By IANS
Mumbai : Petrol and diesel pumps across Maharashtra remained shut Monday as their owners went on strike to press demands for a fuel marker kit at every outlet to detect adulteration.
“The response to the 24-hour strike call is near total with almost all of 2,700 petrol pumps barring a few company operated ones remaining closed,” Ravi Shinde, president of the Mumbai Petrol Dealers’ Association, told IANS.
The state-wide strike began at Sunday midnight.
Petrol pump owners have been insisting on provision of the marker system, which they claim to have invented in order to check the purity of fuel supplied to them by petroleum companies.
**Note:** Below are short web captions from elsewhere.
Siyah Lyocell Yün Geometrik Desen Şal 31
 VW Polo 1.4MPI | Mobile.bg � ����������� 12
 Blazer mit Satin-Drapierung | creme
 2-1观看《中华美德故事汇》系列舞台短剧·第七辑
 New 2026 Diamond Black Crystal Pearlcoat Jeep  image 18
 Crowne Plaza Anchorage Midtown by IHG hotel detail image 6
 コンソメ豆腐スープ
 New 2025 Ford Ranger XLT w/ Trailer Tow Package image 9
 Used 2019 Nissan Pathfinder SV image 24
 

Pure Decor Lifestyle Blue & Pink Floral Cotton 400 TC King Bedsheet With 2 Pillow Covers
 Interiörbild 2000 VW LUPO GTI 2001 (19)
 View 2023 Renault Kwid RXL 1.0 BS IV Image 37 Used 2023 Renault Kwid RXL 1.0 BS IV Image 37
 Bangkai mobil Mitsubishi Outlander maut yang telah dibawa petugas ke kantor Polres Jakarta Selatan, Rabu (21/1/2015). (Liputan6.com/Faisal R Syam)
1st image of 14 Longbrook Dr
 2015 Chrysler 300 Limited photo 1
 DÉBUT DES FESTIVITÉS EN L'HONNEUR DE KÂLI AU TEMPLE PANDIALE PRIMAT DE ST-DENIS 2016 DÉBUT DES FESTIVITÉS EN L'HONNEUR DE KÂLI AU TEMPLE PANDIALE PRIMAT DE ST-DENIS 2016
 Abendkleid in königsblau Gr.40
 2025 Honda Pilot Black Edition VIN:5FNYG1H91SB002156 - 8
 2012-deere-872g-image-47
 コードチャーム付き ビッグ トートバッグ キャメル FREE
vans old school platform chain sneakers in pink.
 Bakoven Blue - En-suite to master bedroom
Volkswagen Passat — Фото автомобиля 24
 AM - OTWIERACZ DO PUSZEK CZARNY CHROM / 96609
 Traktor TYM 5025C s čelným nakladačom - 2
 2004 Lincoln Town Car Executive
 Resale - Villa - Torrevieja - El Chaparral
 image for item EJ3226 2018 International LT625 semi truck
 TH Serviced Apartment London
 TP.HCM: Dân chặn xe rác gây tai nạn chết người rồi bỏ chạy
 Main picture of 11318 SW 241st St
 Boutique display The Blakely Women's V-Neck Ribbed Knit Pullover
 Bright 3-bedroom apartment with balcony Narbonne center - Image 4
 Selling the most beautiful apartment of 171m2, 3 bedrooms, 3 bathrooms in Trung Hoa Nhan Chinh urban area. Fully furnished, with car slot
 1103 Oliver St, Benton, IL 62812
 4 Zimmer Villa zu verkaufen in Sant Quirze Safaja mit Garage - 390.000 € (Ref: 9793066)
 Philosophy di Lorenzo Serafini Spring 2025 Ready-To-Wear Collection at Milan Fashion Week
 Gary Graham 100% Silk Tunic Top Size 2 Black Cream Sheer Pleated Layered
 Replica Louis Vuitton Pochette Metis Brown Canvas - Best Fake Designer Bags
“It is unfair to penalise retail outlet owners for adulteration while denying them the right to check whether the fuel delivered to them from the company tankers is pure,” said Vilas Salpekar, secretary of the Nagpur Petrol Dealers’ Association.
“The kit will not only spare us harassment at the hands of corrupt inspectors but also help identify and eliminate adulteration, if any, at the individual petrol pump’s end,” added Pune Petrol Dealers’ Association chief Nitin Kankaria.
While Salpekar alleged that the kerosene marker system promoted by Petroleum Minister Murli Deora was defective, Kankaria told reporters in Pune that Monday’s strike would be followed up with a national level strike Sep 11 if their demand was not met by then.